Ahmed Salam, who conceived the idea of an Egyptian Revolutionary Guard, told Al-Ahram Weekly that this force would “aid the regime against its adversaries” and serve as “the hand it would use to strike in order to protect itself.” Such a corps was needed, he said, “as long as the Republican Guard is indulgent towards the demonstrators and as long as the police are afraid and ineffective in the wars in the streets”.
However, as inspiring as this idea may be to some, it does not appear to have caught on. Maybe this is because it originated with an unknown person who belongs to a fringe group like the Hazemoun, or maybe some quarters of the Islamist current fear it would be divisive. This appears to be the position of the Salafist Front, for example. For the Muslim Brotherhood, the idea seems to be out of the question by its very nature.
At all events, the idea would be relatively easy to achieve in concrete terms, though it would not be practical or realistic. Security experts in the army, police and General Intelligence hold that the material means are available, but that the very notion is taboo. The idea of a Revolutionary Guard would not be popularly accepted, and it would be regarded as an infringement of the authority and prestige of the state.
To those familiar with him, Salam is little more than a page on Facebook. According to two of his relatives, he is a highly strung person who took part in the attacks against the demonstrators at Al-Ittihadiya and emerged despondent from what he regarded as a defeat. They say that he believes that there is a conspiracy afoot against the regime, which, to him, is embodied in the president whom he regards as inviolable and any opposition to him would be “sinful” on the grounds that this would constitute insubordination against the “guardian” of the revolution.
General Fouad Allam, a former state security officer, regards this type of thinking on the part of some quarters of the Islamist trend as a threat to the state in itself.
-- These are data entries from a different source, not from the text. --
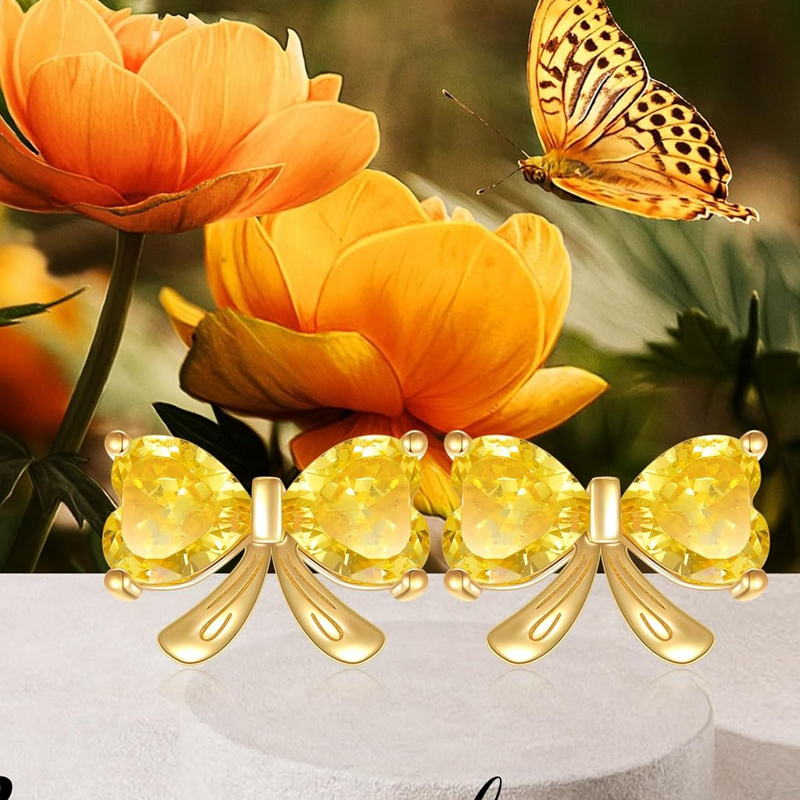 Gold Vermeil Personalized Birthstone & Bow Stud Earrings for Women-4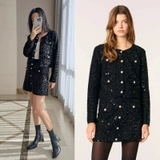 Áo khoác MAJE bling đen (có set)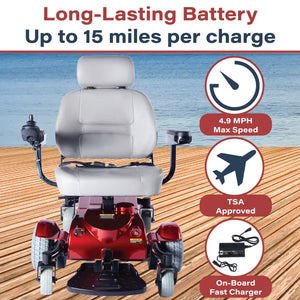 Zip’r Mantis Power Electric Wheelchair| 300 lbs Capacity, 15-Mile Range, 6-Wheel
The government must combat extremist thought that tries to promote the notion of self-appointed guardians of the regime or the country, he said. Such ideas, which have their roots in political and ideological antagonisms, were “a recipe for chaos”, Allam added.
Allam strongly disagreed with the claim that it was the current crisis in the police that was generating the growth of unofficial armed groups. “I reject this notion of a police crisis. Everything in Egypt is in crisis. The government is beleaguered, and the economy is in disarray. These ideas of founding revolutionary guards or similar unofficial militias are high treason, because they will ultimately lead the country down the path to destruction and civil war, since the rule of law would no longer prevail to govern and protect society,” Allam said.
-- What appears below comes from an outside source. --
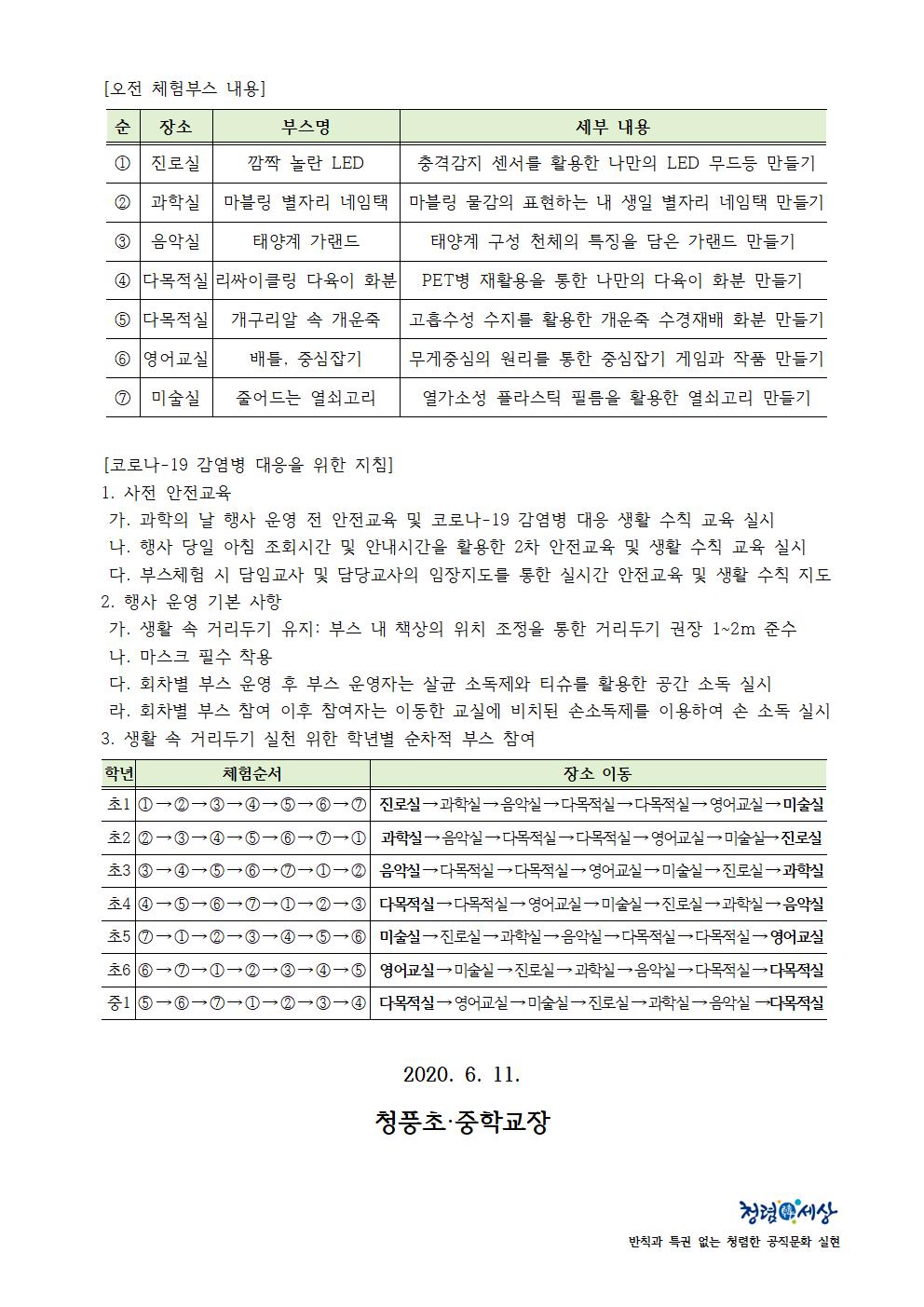 2020. 교내 과학의 날 운영 안내 2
Nevertheless, he did not rule out the possibility that such militias could arise. “They [the Islamist groups] have the means and the support bases, and recruits would be easy to train,” he said. What worried him most was not so much the idea of a Revolutionary Guard that would serve the office of the president and that would be at the command of the state, but the prospect that such a corps could effectively become the arm of certain ideological groups in society, rather than a branch of the security apparatus of the state.
Ali Bakr, an expert on the Islamist groups at the Al-Ahram Centre for Political and Strategic Studies, told the Weekly that Salam’s idea of a Revolutionary Guard could reflect some of the Islamists’ thoughts and aspirations, but that it would be difficult to realise. He agreed with Allam that the notion was sectarian and ideological in origin and substance, as well as potentially dangerous.
“If a Revolutionary Guard were formed by a Salafist group, it would not fully conform with the Muslim Brotherhood’s or Al-Gamaa Al-Islamiya’s ideas for such a corps. There would be problems in creating it and in designating its duties and functions. In addition, it would be an instrument in the hands of the Islamist parties and forces that created it, though effectively it would consist of ideologically differing camps.”
However, the fact that such a proposal exists may only be the surface of a deeper problem, which is an inclination to create paramilitary types of organisations prepared to assume control over the state. According to Bakr, this danger is real, not only because the Salafist groups have the support bases needed to create militias, but also because “weapons are to be found everywhere and at dirt-cheap prices.”
In an interview with the Weekly, Salafist Front spokesman Khaled Said said that he did not know Ahmed Salam. “Who is that man,” Said asked. “We do not know him. Egypt is a government of institutions,” and not of militias. Said was adamantly opposed to the notion of a Revolutionary Guard. “Some of our brothers in the Islamist ranks are unaware of the consequences of the ideas they proclaim,” he said.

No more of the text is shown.